··· Task material ···
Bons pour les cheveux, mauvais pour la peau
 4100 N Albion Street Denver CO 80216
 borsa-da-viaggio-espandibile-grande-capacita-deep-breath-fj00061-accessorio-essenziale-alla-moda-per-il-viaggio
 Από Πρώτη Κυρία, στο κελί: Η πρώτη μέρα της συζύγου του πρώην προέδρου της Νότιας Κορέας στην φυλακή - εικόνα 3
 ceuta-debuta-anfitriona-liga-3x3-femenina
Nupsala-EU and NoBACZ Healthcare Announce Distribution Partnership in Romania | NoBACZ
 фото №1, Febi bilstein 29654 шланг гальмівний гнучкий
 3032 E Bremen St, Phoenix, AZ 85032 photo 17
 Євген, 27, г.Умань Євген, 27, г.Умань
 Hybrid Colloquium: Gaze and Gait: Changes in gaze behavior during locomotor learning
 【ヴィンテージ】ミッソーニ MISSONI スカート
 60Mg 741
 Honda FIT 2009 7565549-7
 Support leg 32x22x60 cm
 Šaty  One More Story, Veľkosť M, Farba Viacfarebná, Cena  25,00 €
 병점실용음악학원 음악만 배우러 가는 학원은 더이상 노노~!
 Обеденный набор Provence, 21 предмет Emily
···
Copy the lines above exactly, beginning at the line that has "4100 N Albion Street Denver CO 80216" and stopping after the line that has "병점실용음악학원 음악만 배우러 가는 학원은 더이상 노노~!", and omit the rest.

 4100 N Albion Street Denver CO 80216
 borsa-da-viaggio-espandibile-grande-capacita-deep-breath-fj00061-accessorio-essenziale-alla-moda-per-il-viaggio
 Από Πρώτη Κυρία, στο κελί: Η πρώτη μέρα της συζύγου του πρώην προέδρου της Νότιας Κορέας στην φυλακή - εικόνα 3
 ceuta-debuta-anfitriona-liga-3x3-femenina
Nupsala-EU and NoBACZ Healthcare Announce Distribution Partnership in Romania | NoBACZ
 фото №1, Febi bilstein 29654 шланг гальмівний гнучкий
 3032 E Bremen St, Phoenix, AZ 85032 photo 17
 Євген, 27, г.Умань Євген, 27, г.Умань
 Hybrid Colloquium: Gaze and Gait: Changes in gaze behavior during locomotor learning
 【ヴィンテージ】ミッソーニ MISSONI スカート
 60Mg 741
 Honda FIT 2009 7565549-7
 Support leg 32x22x60 cm
 Šaty  One More Story, Veľkosť M, Farba Viacfarebná, Cena  25,00 €
 병점실용음악학원 음악만 배우러 가는 학원은 더이상 노노~!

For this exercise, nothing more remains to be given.